# New Handles For Pm1340gt



## Randbo (Jul 25, 2016)

So I had a few free hours this weekend and decided to play on the lathe. I made some new handles like many others. I decided to make them out of stainless instead of aluminum. I have quite a bit of 304 stainless 1 inch stock. A little more of a pain to machine but I love the way it looks.







I used a 1/16 inch parting blade to make the groves. I went .080 deep and took off the edges with some medium scotch-bright.






I did a .390 diameter, . 380 deep counterbore and threaded it 3/8-16.











Made some for the Mill as well...






I sure like them much better then the plastic ones!


----------



## JimFouch (Jul 25, 2016)

Very nice. 

I have a PM-1340GT on order. Will be a big step up from my current 7x10 Harbor Freight Toy Lathe.   ;-)


----------



## MSD0 (Jul 26, 2016)

Those look really nice. I love how little upgrades like that make a big difference


----------



## MonkMan (Jul 26, 2016)

Great Look!


----------



## Billh51 (Jul 26, 2016)

Nice upgrade on the handles, funny how the small things can change the appirence of a machine. I like the look of them and when I get time, I may do something similar on my Enco 12x36. Nice workmanship.


----------



## zmotorsports (Jul 28, 2016)

New knobs turned out great.  I love the feeling of mine.  I just picked up a Holdridge radii turning attachment for mine and will be machining some new round ones for the mill shortly.

Mike.


----------



## qualitymachinetools (Jul 28, 2016)

They look great!


----------



## wrmiller (Jul 28, 2016)

zmotorsports said:


> New knobs turned out great.  I love the feeling of mine.  I just picked up a Holdridge radii turning attachment for mine and will be machining some new round ones for the mill shortly.
> 
> Mike.



You got a Holdridge? Cool! 4S or 4D?


----------



## zmotorsports (Aug 1, 2016)

Bill, it is a Holdridge 4D.  Bought it used off of ebay.  I used it for the first time Friday night making a new knob for my mill quill downfeed.  I have to play with it a bit as my ball turned out a bit ovaled like a football.  Overall it was a nice addition to the shop.  I had to make a very slight modification for it to work with the compound on my PM1340GT but nothing major. 

Mike.


----------



## wrmiller (Aug 1, 2016)

What modification? All I've done with mine is make a t-nut and kinda set it up there to take a look at it. Haven't actually run it yet. Given that I have a bit of time on my hands of late with the layoff and all, I planned to dig it out today and actually make an attempt to use it.
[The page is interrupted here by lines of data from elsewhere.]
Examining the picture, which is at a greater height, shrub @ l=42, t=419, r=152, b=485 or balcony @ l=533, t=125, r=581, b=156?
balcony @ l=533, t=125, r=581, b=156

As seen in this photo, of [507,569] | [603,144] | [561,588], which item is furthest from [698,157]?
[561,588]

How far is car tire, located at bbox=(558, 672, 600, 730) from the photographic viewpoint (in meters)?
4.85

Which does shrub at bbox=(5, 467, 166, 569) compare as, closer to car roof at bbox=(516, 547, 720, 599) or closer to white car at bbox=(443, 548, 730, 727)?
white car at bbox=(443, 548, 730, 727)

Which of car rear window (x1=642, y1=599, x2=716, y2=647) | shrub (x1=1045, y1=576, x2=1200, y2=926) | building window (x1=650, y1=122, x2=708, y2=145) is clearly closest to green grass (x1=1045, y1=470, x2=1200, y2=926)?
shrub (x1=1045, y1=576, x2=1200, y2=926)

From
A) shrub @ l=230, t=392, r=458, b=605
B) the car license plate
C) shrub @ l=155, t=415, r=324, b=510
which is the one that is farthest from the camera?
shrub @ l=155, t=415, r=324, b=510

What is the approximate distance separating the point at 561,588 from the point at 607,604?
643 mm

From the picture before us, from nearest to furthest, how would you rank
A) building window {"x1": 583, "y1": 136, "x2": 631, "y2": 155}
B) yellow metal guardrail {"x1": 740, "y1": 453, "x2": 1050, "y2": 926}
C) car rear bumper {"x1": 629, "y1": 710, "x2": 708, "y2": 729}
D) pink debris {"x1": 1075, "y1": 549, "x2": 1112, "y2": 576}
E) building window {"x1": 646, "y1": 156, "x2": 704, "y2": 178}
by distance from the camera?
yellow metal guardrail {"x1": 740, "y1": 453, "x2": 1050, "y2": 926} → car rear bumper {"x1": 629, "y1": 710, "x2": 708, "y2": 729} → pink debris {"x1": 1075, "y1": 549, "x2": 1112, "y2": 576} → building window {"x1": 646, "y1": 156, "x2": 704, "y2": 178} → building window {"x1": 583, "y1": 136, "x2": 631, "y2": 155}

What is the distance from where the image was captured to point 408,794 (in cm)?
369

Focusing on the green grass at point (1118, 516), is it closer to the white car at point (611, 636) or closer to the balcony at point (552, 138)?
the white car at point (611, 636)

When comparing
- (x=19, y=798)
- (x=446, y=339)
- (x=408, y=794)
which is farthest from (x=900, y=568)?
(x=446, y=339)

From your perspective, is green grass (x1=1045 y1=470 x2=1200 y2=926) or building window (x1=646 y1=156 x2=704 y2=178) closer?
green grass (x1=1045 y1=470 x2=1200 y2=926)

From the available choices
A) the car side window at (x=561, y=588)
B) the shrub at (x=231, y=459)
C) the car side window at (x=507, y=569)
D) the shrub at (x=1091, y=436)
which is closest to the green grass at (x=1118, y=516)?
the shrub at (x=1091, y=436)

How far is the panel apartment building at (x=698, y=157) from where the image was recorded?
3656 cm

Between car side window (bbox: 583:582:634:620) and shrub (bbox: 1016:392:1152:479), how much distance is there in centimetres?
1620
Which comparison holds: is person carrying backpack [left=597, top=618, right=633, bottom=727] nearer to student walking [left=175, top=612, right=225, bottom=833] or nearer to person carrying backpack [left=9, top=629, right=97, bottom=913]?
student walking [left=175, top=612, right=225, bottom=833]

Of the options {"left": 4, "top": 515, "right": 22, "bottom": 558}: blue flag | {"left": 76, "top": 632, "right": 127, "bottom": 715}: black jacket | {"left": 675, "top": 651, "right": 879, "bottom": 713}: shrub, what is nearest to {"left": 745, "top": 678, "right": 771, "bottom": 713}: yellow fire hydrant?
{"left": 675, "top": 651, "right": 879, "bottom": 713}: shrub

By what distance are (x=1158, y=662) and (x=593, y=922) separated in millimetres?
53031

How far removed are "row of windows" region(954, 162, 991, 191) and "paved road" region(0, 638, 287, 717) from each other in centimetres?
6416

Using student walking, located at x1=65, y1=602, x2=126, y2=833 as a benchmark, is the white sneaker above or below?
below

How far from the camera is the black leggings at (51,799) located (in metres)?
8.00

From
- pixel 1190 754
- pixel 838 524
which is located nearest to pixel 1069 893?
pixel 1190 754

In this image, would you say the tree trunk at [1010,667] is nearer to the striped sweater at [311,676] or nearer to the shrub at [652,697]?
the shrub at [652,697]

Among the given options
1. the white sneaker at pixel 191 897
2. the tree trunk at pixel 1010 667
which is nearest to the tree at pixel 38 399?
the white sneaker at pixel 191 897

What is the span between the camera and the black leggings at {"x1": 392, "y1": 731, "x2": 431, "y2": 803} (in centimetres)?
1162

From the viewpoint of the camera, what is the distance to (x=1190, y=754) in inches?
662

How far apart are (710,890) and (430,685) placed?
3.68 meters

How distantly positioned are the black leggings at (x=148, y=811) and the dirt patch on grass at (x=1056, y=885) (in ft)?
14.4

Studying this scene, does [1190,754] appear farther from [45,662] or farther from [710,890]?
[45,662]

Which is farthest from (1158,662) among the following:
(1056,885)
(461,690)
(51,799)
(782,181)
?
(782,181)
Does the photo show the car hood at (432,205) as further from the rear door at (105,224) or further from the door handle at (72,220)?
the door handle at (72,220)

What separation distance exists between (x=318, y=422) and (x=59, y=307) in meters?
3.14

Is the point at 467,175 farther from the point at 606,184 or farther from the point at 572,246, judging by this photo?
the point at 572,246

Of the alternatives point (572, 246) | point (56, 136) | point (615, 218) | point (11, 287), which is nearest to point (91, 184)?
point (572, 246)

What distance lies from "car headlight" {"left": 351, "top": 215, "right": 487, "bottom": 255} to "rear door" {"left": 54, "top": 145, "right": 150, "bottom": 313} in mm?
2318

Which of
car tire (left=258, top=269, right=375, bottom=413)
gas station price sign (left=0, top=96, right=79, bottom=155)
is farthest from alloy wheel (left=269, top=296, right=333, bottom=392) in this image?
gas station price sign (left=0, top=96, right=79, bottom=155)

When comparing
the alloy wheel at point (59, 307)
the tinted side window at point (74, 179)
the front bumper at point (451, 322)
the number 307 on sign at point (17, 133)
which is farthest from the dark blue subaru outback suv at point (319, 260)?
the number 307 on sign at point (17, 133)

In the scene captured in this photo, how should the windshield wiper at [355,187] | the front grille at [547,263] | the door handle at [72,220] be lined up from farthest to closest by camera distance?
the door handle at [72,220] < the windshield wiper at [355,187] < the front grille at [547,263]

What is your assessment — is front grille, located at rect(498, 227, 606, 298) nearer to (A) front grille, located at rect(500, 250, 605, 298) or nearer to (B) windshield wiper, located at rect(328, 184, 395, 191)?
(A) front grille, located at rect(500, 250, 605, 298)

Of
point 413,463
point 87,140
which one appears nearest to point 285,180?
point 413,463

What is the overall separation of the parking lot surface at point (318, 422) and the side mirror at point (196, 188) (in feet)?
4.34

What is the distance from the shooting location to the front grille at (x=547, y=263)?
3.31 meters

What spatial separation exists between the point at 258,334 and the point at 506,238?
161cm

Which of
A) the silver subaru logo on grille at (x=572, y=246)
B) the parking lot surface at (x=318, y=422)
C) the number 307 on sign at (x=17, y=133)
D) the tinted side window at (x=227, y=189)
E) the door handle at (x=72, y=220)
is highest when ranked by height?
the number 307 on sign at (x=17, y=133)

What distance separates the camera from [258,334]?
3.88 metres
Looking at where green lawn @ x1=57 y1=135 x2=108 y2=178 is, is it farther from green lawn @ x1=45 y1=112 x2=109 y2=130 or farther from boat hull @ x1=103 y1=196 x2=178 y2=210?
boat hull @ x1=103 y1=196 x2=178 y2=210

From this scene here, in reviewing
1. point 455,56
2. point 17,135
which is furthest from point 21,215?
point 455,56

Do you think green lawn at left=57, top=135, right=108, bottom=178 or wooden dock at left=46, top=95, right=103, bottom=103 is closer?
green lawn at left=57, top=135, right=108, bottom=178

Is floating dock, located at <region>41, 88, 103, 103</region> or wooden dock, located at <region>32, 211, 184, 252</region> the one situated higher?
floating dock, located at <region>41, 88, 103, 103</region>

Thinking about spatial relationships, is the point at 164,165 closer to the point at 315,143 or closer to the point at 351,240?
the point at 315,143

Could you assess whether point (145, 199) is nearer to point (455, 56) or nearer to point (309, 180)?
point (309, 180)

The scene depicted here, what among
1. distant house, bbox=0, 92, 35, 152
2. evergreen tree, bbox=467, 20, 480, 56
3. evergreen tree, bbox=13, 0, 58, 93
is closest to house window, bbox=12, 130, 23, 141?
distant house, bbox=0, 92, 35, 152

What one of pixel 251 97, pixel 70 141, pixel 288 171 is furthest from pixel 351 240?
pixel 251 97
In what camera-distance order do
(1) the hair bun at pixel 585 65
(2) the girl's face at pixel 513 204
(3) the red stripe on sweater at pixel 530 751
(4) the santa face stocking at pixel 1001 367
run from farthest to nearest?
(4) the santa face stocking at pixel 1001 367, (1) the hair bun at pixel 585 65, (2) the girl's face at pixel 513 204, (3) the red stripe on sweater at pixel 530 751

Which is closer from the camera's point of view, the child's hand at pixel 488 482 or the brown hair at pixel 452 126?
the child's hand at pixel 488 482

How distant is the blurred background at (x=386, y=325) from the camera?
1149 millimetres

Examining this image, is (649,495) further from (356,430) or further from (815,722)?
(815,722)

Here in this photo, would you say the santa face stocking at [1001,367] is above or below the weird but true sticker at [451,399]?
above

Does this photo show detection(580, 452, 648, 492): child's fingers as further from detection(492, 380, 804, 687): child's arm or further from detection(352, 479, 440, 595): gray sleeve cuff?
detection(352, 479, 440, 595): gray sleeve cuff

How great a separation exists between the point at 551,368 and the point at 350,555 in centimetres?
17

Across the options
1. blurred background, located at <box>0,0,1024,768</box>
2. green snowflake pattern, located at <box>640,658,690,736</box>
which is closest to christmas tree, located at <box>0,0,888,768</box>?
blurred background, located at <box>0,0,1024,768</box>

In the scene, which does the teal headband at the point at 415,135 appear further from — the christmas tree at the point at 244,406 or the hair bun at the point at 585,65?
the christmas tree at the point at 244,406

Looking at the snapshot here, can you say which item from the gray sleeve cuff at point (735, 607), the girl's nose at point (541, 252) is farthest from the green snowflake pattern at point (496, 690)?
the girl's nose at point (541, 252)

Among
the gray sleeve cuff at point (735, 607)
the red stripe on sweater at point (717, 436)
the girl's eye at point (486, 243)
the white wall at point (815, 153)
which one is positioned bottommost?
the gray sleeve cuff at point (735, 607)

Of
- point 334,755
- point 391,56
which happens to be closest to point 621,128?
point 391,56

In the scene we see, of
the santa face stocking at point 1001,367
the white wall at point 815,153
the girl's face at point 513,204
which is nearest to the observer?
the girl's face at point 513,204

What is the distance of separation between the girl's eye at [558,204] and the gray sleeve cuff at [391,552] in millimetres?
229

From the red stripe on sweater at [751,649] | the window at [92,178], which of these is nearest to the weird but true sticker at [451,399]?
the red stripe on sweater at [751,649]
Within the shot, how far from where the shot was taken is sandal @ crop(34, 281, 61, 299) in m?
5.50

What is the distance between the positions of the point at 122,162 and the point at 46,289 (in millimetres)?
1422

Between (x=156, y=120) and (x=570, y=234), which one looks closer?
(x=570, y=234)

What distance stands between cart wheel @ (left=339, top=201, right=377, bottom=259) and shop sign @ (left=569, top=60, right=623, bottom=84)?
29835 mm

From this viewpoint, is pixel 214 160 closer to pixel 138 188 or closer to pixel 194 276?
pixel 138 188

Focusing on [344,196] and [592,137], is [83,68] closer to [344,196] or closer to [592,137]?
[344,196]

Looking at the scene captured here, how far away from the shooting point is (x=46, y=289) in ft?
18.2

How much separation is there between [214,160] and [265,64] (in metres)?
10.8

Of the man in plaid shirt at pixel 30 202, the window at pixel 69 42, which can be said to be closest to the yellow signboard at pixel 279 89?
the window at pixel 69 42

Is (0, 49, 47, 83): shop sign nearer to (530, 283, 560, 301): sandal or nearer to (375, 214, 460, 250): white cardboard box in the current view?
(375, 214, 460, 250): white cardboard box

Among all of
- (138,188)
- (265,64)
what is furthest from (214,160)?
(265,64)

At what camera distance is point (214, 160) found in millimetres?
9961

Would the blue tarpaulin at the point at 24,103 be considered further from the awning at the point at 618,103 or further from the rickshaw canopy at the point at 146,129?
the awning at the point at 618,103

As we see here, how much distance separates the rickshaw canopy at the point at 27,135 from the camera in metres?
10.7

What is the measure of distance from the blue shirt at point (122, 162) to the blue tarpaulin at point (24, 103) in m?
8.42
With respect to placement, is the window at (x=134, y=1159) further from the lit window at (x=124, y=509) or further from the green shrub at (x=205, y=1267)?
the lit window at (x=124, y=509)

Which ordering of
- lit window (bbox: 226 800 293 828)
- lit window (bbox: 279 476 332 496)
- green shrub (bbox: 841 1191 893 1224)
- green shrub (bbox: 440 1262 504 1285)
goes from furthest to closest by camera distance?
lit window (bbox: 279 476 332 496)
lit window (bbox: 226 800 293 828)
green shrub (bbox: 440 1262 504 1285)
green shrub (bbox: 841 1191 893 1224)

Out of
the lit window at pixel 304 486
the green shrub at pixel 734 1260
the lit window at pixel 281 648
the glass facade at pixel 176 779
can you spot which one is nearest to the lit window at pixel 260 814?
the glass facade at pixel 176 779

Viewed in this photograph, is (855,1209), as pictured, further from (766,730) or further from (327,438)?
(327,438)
I want to try making a teardrop like knob like those on the SBs at the Grizzly site for the fwd/rev lever on the 1340. If that goes well I will start making some for the mill. If it comes out ok, I may even post a pic or two.


----------



## zmotorsports (Aug 1, 2016)

Bill, nothing too major to modify.  The plate that slides into the "T" on the compound was too thick.  My "T" groove measures approx. .310" thick and the mounting or thread plate that came with the Holdridge measured .360".  I merely set it up in the mill and took .050" off and it slid right in.  I then just had to put shorter socket head capscrews (1.25" long) and had to take .025-.030" off of them so they wouldn't make contact on the bottom of the compound.  Once setup it seems quite rigid.  Had a little issue with chatter and took some playing with to eliminate and then I have to play with it still to get a round ball, mine came out more oblong/football shaped.

Mike.


----------



## Subwayrocket (Aug 3, 2016)

Randbo said:


> So I had a few free hours this weekend and decided to play on the lathe. I made some new handles like many others. I decided to make them out of stainless instead of aluminum. I have quite a bit of 304 stainless 1 inch stock. A little more of a pain to machine but I love the way it looks.
> 
> Made some for the Mill as well...
> 
> I sure like them much better then the plastic ones!


 They look pretty sweet !


----------



## Randbo (Aug 4, 2016)

Thanks everyone for the kind words. Here is a shot of the ones on the headstock. 

Randy


----------



## zmotorsports (Aug 4, 2016)

Those turned out great.  Nice job.

Mike.


----------



## Subwayrocket (Aug 4, 2016)

Yeah...they look pretty mean on there !


----------



## wrmiller (Aug 4, 2016)

OK, this is all Randbo's fault...  






That and I needed something to do today...


----------



## Randbo (Aug 4, 2016)

wrmiller said:


> OK, this is all Randbo's fault...
> 
> View attachment 133460
> 
> ...



Yeah I've been known to cause all kinds of problems! Ha ha


----------



## Randbo (Aug 4, 2016)

Randbo said:


> Yeah I've been known to cause all kinds of problems! Ha ha



Those look nice. I considered knurling mine in the beginning but decided against it. I didn't  want to deal with knurling stainless! Im guessing the ones you made are 6061?


----------



## wrmiller (Aug 4, 2016)

7075 T651 Sir...  

I should admit that I pulled out a bar of stainless, stared at it for a few seconds, and wimped out for the 7075. I honestly haven't learned how to master stainless yet. I can turn it, but it ain't pretty. And no I didn't want to knurl stainless either!


----------



## brav65 (Aug 4, 2016)

The header for this post should be pimp my 1340! Looking good guys!  My little 7x12 is buried under 8'months of junk, I neeeeeed to get into the shop!


----------